* _TASK PROMPT_:
Copy out the entries below exactly as they stand, but only from the line containing "2003-2004 Honda CBR600RR" through the line containing "Texas Rangers Tişört M - Gri".

* _SUPPLIED ENTRIES_:
========
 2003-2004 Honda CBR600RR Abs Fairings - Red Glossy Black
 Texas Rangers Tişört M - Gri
========
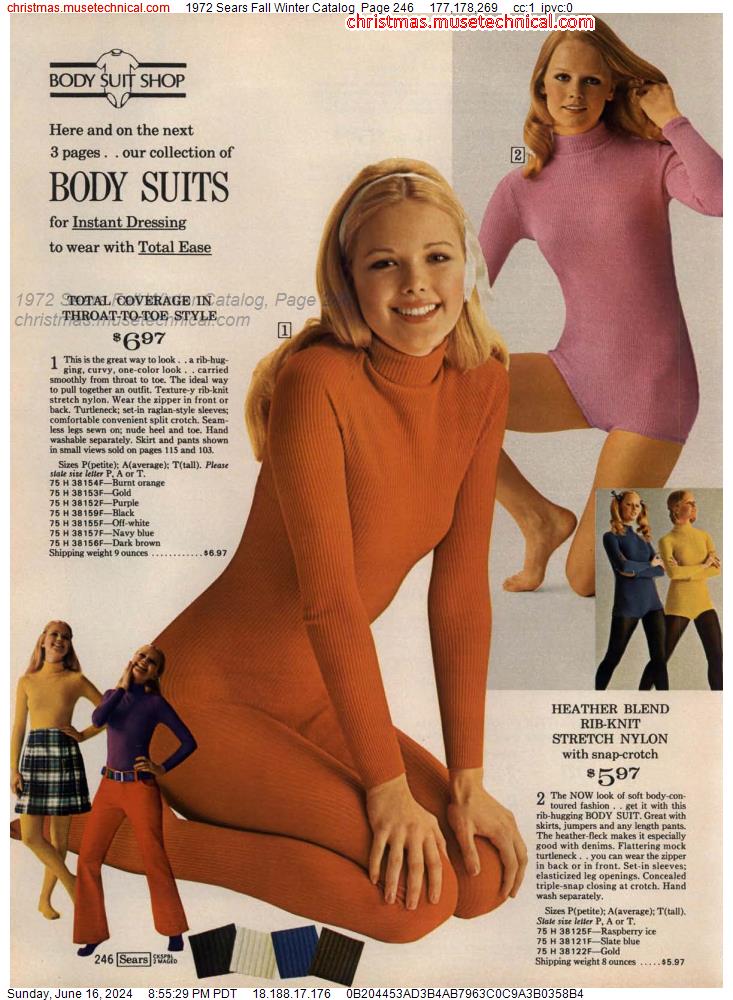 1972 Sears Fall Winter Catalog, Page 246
========
* _RESULT OF THE EXERCISE_:
 2003-2004 Honda CBR600RR Abs Fairings - Red Glossy Black
 Texas Rangers Tişört M - Gri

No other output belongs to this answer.